Mit DNA-Analysen die Hautfarbe der Täter herausfinden: Das soll künftig
erlaubt sein. Genügt das Stefan Blättler, Kommandant der Berner Polizei?
Sophie Reinhardt
Die Berner Rechtsmedizin erhält neue Mittel: das dank dem neuen
DNA-Gesetz, das der Bundesrat verabschiedet hat. Bei schweren Verbrechen
sollen Tatortspuren auf Merkmale wie Augen-, Haar- und Hautfarbe, Alter
und «biogeografische Herkunft» der Täter ausgewertet werden. Was
erhofft sich Stephan Blättler, der hier in seiner Funktion als Präsident
der Konferenz der kantonalen Polizeikommandanten Auskunft gibt, von der
sogenannten Phänotypisierung?
Herr Blättler, was bedeutet es für die Arbeit der Polizei, wenn künftig
Haut- und Augenfarbe aus DNA-Spuren herausgelesen werden können?
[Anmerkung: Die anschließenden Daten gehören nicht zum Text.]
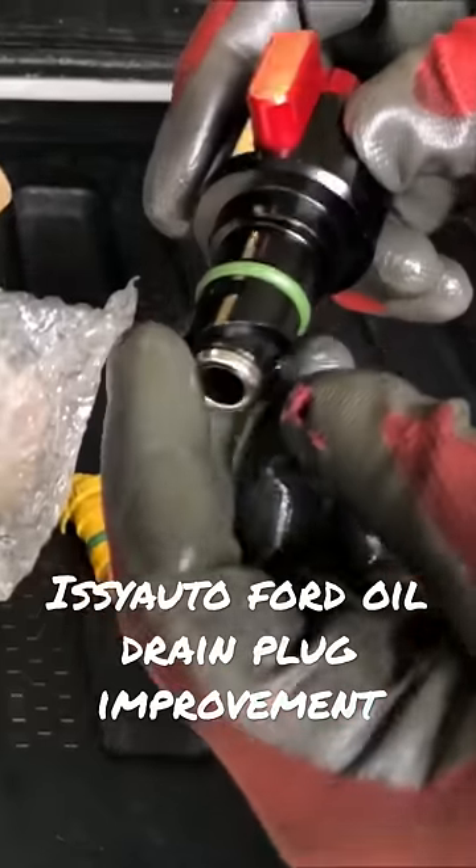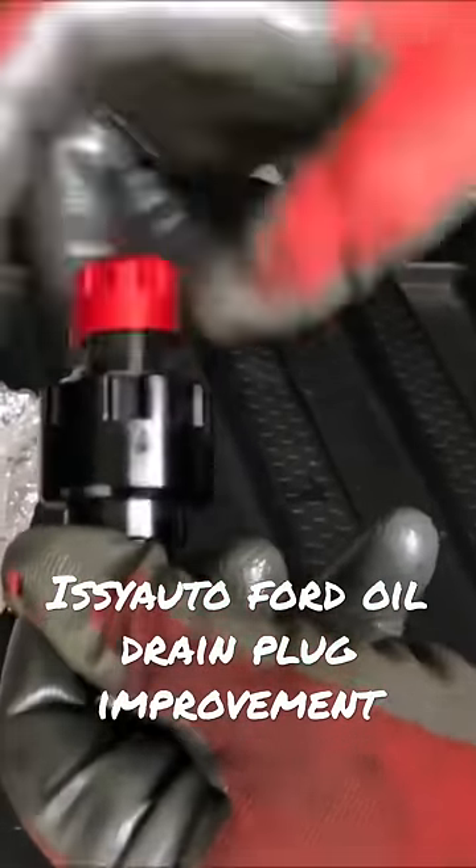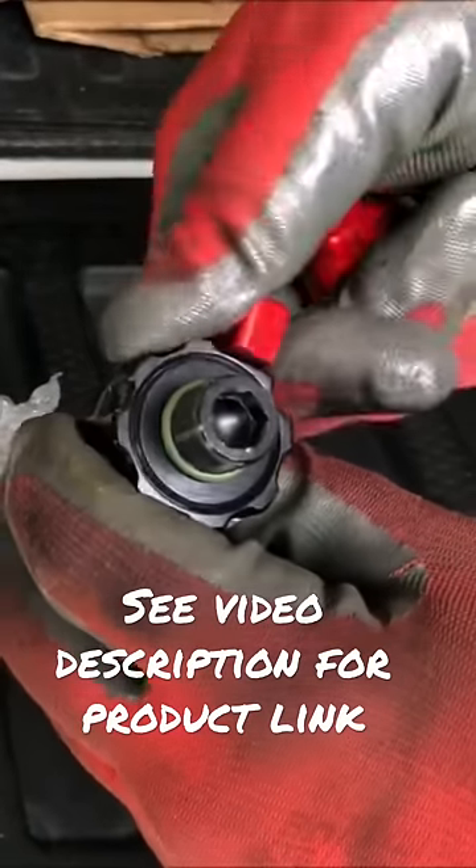The Issy Auto unit screws in. You take the cap off to allow the oil to drain, and you have a ball valve that allows the oil to drain out at the speed that you desire.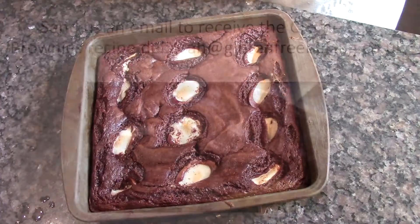Bake in the oven for 25 minutes. A knife should come out clean but not sticky.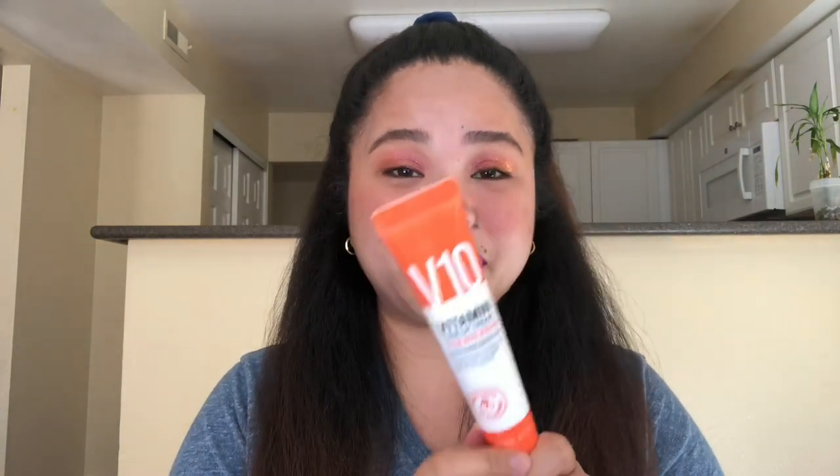Hi guys, welcome back to my channel. My name is Princess, and today's video I'm going to do a review of this product which was sent to me, so if you guys are interested about this product then just keep on watching.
Bei einem schweren Delikt können wir bislang nur prüfen, ob die
vorgefundene DNA bereits in der nationalen Datenbank erfasst ist. Es ist
grundsätzlich immer hilfreich, wenn man mehr Informationen über die
Täterschaft erhält. Daher kann es sehr interessant sein, wenn Hinweise
von DNA-Spuren auf das Signalement hindeuten.
Was macht die Polizei mit der ungenauen Aussage aus dem Labor, der Täter sei zu 80 Prozent dunkelhäutig?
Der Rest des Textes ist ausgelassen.